_The problem:_ Search the entries below for "table" and copy each matching line.

_Data supplied:_
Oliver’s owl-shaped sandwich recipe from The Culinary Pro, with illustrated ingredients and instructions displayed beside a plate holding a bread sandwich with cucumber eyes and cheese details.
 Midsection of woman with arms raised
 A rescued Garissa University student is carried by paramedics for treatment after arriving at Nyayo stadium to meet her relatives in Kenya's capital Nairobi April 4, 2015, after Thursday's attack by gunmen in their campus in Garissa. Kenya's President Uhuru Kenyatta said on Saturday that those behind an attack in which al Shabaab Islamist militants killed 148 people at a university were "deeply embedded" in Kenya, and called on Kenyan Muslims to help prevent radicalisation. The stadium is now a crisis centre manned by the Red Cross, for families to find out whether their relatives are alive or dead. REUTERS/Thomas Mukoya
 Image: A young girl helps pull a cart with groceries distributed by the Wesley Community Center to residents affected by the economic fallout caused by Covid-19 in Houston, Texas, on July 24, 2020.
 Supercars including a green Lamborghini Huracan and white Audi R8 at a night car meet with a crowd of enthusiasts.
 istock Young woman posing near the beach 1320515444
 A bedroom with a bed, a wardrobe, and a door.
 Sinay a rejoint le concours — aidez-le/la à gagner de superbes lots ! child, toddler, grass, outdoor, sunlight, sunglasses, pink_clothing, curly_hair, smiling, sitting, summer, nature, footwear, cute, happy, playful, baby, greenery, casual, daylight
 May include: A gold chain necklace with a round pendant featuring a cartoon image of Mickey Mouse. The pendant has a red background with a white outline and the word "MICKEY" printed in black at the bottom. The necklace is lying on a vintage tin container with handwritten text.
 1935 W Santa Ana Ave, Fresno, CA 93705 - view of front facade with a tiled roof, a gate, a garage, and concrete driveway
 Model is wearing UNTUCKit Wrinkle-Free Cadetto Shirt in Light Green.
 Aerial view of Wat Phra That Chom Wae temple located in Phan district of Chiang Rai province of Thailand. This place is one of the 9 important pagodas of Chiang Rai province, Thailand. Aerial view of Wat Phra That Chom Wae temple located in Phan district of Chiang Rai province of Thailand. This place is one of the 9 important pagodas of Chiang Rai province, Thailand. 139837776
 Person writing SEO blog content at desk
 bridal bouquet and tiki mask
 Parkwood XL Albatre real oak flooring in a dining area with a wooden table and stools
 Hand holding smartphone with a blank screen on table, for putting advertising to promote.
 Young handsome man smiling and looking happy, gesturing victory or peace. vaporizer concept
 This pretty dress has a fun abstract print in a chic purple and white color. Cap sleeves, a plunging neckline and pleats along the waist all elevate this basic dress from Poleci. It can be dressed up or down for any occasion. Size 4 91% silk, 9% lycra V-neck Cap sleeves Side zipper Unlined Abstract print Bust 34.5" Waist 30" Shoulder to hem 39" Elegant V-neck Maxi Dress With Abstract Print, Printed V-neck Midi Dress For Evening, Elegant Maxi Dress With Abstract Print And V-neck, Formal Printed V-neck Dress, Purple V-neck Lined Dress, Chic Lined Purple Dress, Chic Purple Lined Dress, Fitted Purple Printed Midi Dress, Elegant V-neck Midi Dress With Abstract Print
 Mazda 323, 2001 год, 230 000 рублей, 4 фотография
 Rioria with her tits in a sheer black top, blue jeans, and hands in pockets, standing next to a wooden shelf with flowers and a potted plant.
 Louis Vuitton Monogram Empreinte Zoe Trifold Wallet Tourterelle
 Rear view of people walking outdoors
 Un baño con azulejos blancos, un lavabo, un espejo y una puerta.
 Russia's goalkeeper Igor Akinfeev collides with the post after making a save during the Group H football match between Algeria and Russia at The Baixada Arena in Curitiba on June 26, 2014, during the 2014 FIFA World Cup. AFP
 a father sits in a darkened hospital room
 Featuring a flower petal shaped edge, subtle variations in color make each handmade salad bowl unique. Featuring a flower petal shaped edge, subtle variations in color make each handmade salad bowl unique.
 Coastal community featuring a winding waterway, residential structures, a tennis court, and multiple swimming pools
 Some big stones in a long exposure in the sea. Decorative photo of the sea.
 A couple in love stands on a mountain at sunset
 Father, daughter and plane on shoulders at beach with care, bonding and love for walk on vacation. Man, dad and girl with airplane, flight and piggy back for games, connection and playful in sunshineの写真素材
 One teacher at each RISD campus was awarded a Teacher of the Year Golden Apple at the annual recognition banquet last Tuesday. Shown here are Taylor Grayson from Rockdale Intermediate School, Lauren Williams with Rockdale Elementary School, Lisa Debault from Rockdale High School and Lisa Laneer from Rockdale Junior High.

_Response to the task:_
 Parkwood XL Albatre real oak flooring in a dining area with a wooden table and stools
 Hand holding smartphone with a blank screen on table, for putting advertising to promote.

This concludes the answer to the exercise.